- cross-posted to:
- foss@beehaw.org
- cross-posted to:
- foss@beehaw.org
TLDR: Companies should be required to pay developers for any open source software they use.
He imagines a simple yearly compliance process that gets companies all the rights they need to use Post-Open software. And they’d fund developers who would be encouraged to write software that’s usable by the common person, as opposed to technical experts.
It’s an interesting concept, but I don’t really see any feasible means to get this to kick off.
What are your thoughts on it?
What were they not complying with?
IANAL and I don’t have the actual court papers, but is seems to me they were violating GPLv2 Section 6.
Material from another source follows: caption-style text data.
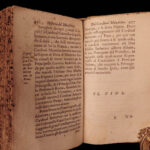 1669 1ed Jesuit Cardinal Mazarin Italian Richelieu 3v Louis XIV Political Wars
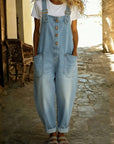 Helvano | Jeans-Overall für Damen
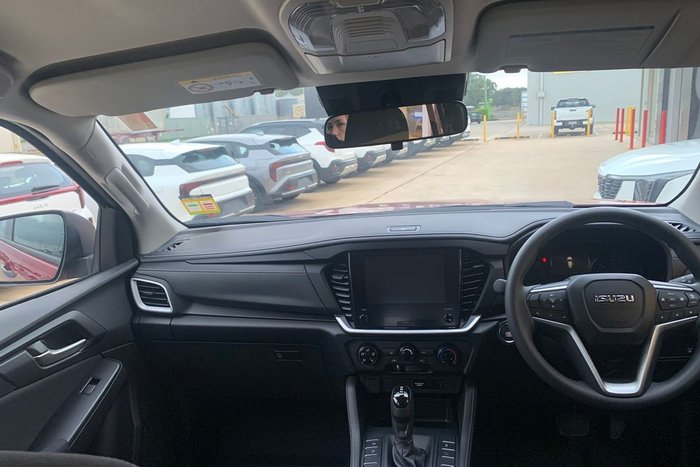 2026 Isuzu MU-X LS-M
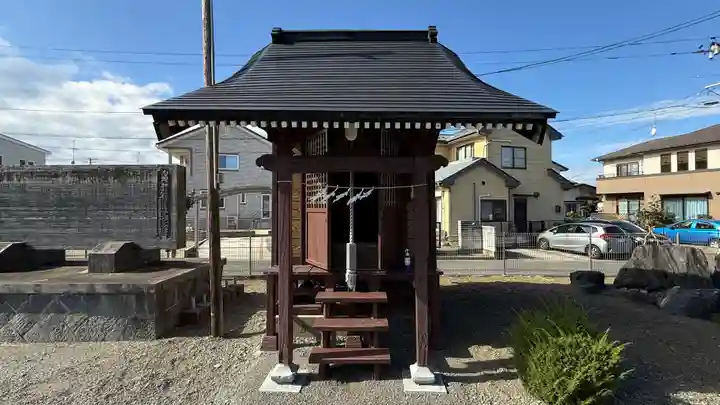 白蛇神社(宮城県)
Essentially, what this section says is that if you distribute a chunk of software (in this case, the firmware embedded in a smart TV) that in its compiled form contains part or all of a software library covered by this license (in this case, Busybox, which is a bundle of common shell utilities you use every day in a Linux terminal, compacted into one binary to fit onto embedded systems), you have to do one of these four things:
Package the source code of the GPL’d library with the distribution itself. If your executable contains a version of it modified by you, those modifications must be in the source. In this case this would require putting the raw source code for Busybox on the TV itself in a place the user could access it, or perhaps bundling a flash drive with the source code on it with the TV.
Include a written offer to send the source to anyone who asks for it, at no cost (except for the cost of transfer itself if applicable, e.g. postage), and honor that offer for at least 3 years. I believe this is what most companies that use GPL’d code do.
If the distribution happens at a designated place, offer the source at that same place. This is mostly relevant to download pages, not physical products.
Verify that the customer already has a copy of the source distributed in advance. This is a specific edge case that makes no sense in this context.
This lawsuit was brought about because the sellers of the TVs that contained Busybox were not doing any of the above four things, and those sellers ignored or ghosted plaintiff when plaintiff contacted them about it.